Gegen «doom & gloom»: Wie konstruktiv über die Klimakrise berichten?
Episode 62 – Januar 2025
In Europa wurde 2024 zum ersten Mal mehr Elektrizität aus Sonnenenergie produziert, als aus Kohle. Ein Meilenstein. Gleichzeitig stampft der neue US-Präsident Programme zur Förderung von erneuerbaren Energien wieder ein und tritt aus dem Abkommen von Paris zurück. Dies, während in Los Angeles die Wälder brennen und weltweit Menschen vor Wetterextremen fliehen müssen.
Wie über solche Ereignisse berichten? Auf was fokussieren? Sollen wir die positiven Entwicklungen in den Vordergrund stellen – oder die Rückschritte und Katastrophen? Wir haben uns diese Fragen im treibhaus-Redaktionsteam in den letzten Monaten oft gestellt. Und wir haben uns entschlossen, die erste Episode im Jahr 2025 genau dieser Frage zu widmen und darüber zu diskutieren, wie wir zukünftig über die Klimakrise berichten wollen.
Ein Gespräch mit Anna Ida Fierz, Christoph Keller, Esther Petsche, Lena Schubert, Olivier Christe und Samuel Schlaefli.
Abonniere tre!bhaus – der klimapodcast auf Soundcloud, Spotify und iTunes.
Die Hintergrundinformationen zur Episode
Fazit aus unserem Gespräch: Wir wollen bei «treibhaus!» weder einen Katastrophenjournalismus (aka «doom & gloom») betreiben, noch einen unkritischen «feel good»-Journalismus. Was uns viel attraktiver scheint, ist eine kritische, aber konstruktive Berichterstattung, die auf Lösungen fokussiert. Studien zeigen, dass immer mehr Menschen keine Medien mehr konsumieren. Von der «news fatigue» sind besonders Junge betroffen. Sie vermeiden Journalismus, weil News über Kriege, Katastrophen und Verbrechen lähmend und deprimierend sind und sie ratlos zurücklassen. Das ist ein Problem. Denn News-Deprivierte gehen mit geringerer Wahrscheinlichkeit wählen, als aktive Medienkonsument:innen. Wir wollen das Gegenteil. Einen konstruktiven Klimajournalismus, der selbstermächtigend und motivierend wirkt. Laut dem «Constructive Institute» in Dänemark zeichnet sich ein konstruktiver Journalismus durch drei Charakteristiken aus.

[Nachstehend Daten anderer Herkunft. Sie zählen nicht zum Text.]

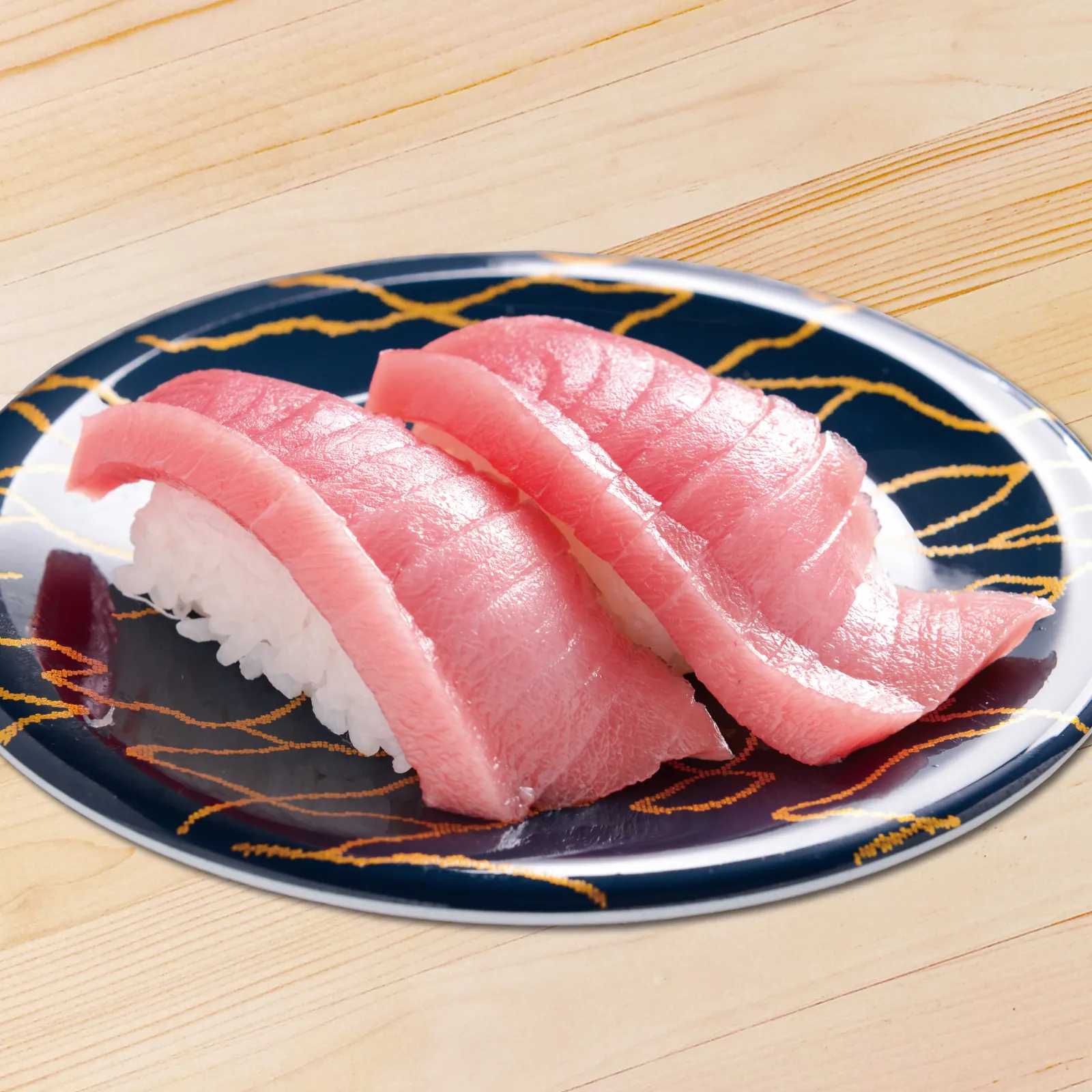 DAIKISUISAN KAITEN-SUSHI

Erstens: Er fokussiert auf Lösungen. Das heisst nicht, dass er nicht kritisch sein soll. Aber er geht über die Problematik hinaus und stellt immer auch die Frage: Und was jetzt? Was wären mögliche Lösungsansätze für ein konkretes Problem? Und gibt es woanders vielleicht bereits Lösungen, die auch für unser Problem funktionieren könnten?
Zweitens: Er ist so nuanciert wie möglich. Ein konstruktiver Journalismus versucht der Komplexität der Realität gerecht zu werden – und verkürzt nicht unzulässig zugunsten einer einfach konsumierbaren Geschichte. Er lässt Grautöne zu.
Und drittens: Konstruktiver Journalismus bietet Hand für konstruktive Debatten und stärkt dadurch die Demokratie (hier ein tolles Beispiel). Und genau davon braucht es mehr in diesen polarisierten, tumulthaften Zeiten voller autokratischer Aspirationen.
Studien zeigen, dass dieser Ansatz funktioniert. Medienwissenschaftler:innen und Neuropsycholog:innen haben in Experimenten gezeigt: Konstruktive Geschichten haben einen positive Effekt auf die Stimmung von Medienkomsument:innen – und dadurch wirken sie motivierend (Stichwort «Empowerment»). Studien zeigen auch, dass die Aufmerksamkeit bei konstruktiven Geschichten grösser ist und Leser:innen oder Hörer:innen eher bereit sind die ganze Geschichte zu lesen oder zu hören und sich vertieft mit den Inhalten auseinanderzusetzen. Weniger klar ist derzeit noch, inwiefern sich das auch in den Alltag überträgt, inwiefern also eine konstruktive Berichterstattung dazu führt, dass zum Beispiel mehr Zug gefahren oder vegetarisch gegessen wird. Doch gerade als Klimajournalist:innen sehen wir noch einen weiteren positiven Effekt: Eine konstruktive Perspektive hilft auch uns, die Hoffnung nicht zu verlieren und mental gesund zu bleiben. Und nur so haben wir die Kraft auch weiterhin mit viel Hingabe über die wichtigste Geschichte unserer Zeit zu berichten.